Pensando en la fe que nos une, deberíamos todos —anglos e hispanos— trabajar constantemente por una integración más plena de las diferentes comunidades que forman nuestras parroquias. Cada domingo en Brooklyn y en Queens la misa se celebra en 28 lenguas diferentes, pero todos formamos la misma Iglesia: “una, santa, católica y apostólica”, como rezamos en el Credo.

Durante décadas, en cientos de iniciativas y estrategias pastorales, se ha repetido en inglés y en español que las comunidades angloparlantes deberían saber más sobre las tradiciones y devociones típicamente hispanas. Es cierto: para valorar lo que los hispanos podemos aportar a esta Iglesia, es necesario conocerlo.

Menos se habla, en cambio, de otro tema que también es importante. Si los hispanos queremos formar parte de nuestras nuevas parroquias, de nuestra Iglesia local, también deberíamos aprender a valorar sus tradiciones y su historia. Esto es especialmente cierto en Brooklyn y Queens.

Hay mucho de valioso en la tradición católica americana que nos sería provechoso conocer. Y no seremos parte plena de esta Iglesia que peregrina en Estados Unidos hasta que no conozcamos y apreciemos su historia, sus valores. Tenemos que aceptar, de una buena vez, que nosotros también debemos aprender de la rica experiencia del catolicismo americano.

Una lección

A principios de este siglo, por ejemplo, estalló una ola de escándalos sobre abusos sexuales en la Iglesia en Estados Unidos —una crisis que tristemente se ha repetido este año. Las críticas llovían, y con toda razón, sobre la Iglesia de Estados Unidos. Con el pasar de los años, sin embargo, hemos ido descubriendo otras aristas de aquella crisis que antes no veíamos.

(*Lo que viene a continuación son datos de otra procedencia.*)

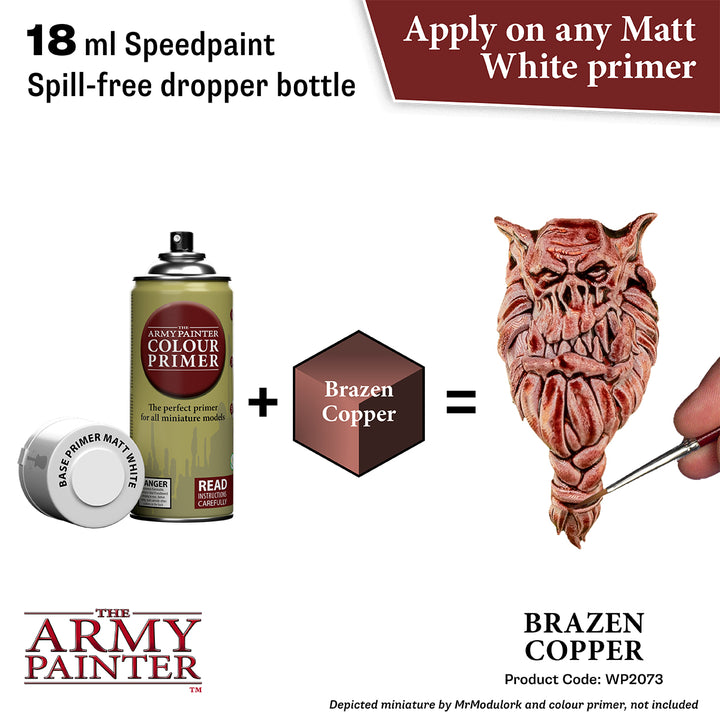 Speedpaint 2.0: Brazen Copper (The Army Painter) (WP2073) (87)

En primer lugar, hemos descubierto que el problema no era exclusivamente americano, ni exclusivamente anglo-europeo. También en América Latina y en otras partes del mundo ocurrían los mismos horrores. La diferencia ha estado en que fue aquí, en Estados Unidos, donde primero se revelaron los escándalos, y donde primero se hizo algo serio por enfrentarlos.

El reciente informe del Gran Jurado de Pennsylvania, en medio de todo su horror, reveló un signo de esperanza. Desde 2002, el año en que se adoptó la Carta de Dallas —el protocolo de la Conferencia Episcopal americana para la protección de menores— los casos de abusos sexuales por parte del clero han caído en picada.

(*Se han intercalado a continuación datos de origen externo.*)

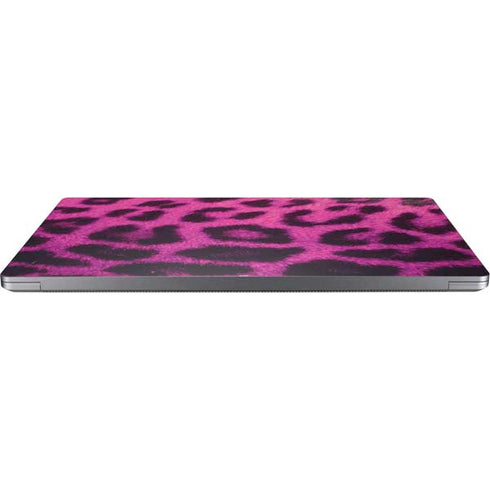 Pink Leopard Spots Universal Laptop 13in (10.6 x 7.6in) Skin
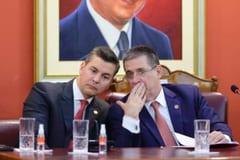 Cartes pidió “máxima prioridad” para la salud, pero Peña minimizó reclamos de médicos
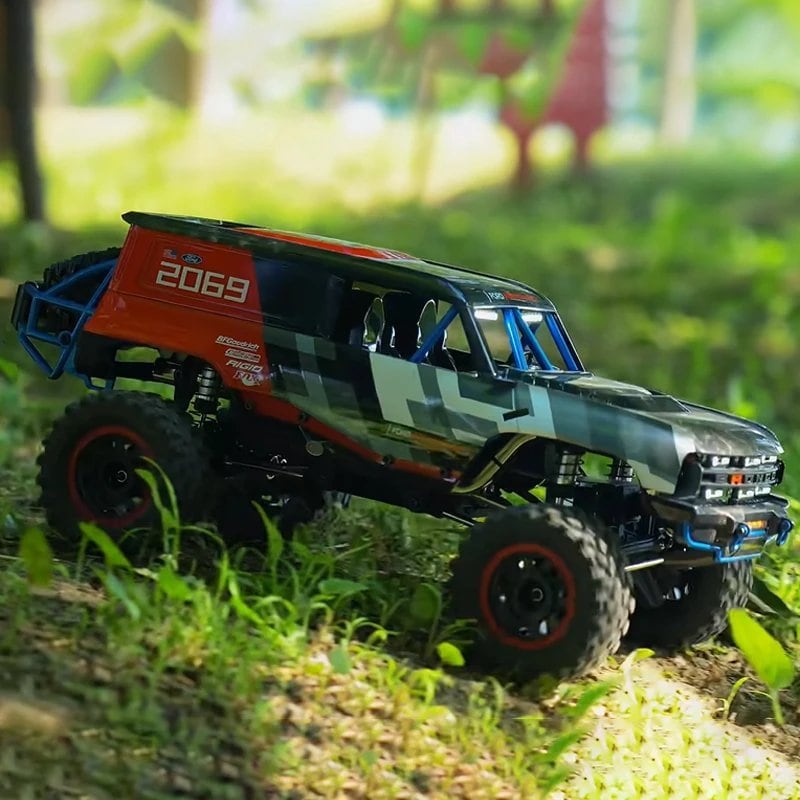 MJX ブラシレス H12P ラジコンカー Baja1000 4WD 高速 オフロード 1/12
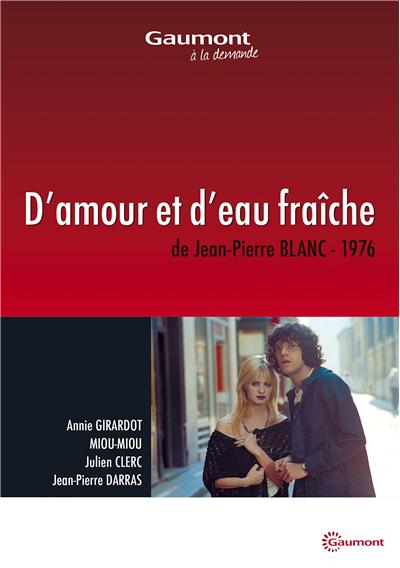 D'amour et d'eau fraîche DVD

Si en 2002 muchos latinoamericanos podíamos pensar que los abusos sexuales por parte de miembros del clero eran un “problema americano”, hoy sería más lógico concentrarse en seguir el ejemplo de los estadounidenses para erradicar ese escarnio.

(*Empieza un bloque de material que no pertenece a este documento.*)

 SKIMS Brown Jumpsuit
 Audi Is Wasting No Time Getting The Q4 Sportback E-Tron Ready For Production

Sin negar las sombras de la Iglesia que peregrina en Estados Unidos, deberíamos, repito, de vez en cuando, aguzar la vista y ver lo mucho que de bueno tiene. Sobre todo porque en unos años seremos la mitad de esta Iglesia. Es hora de que tomemos consciencia de que todo lo que se refiera a ella ya nos atañe también a nosotros.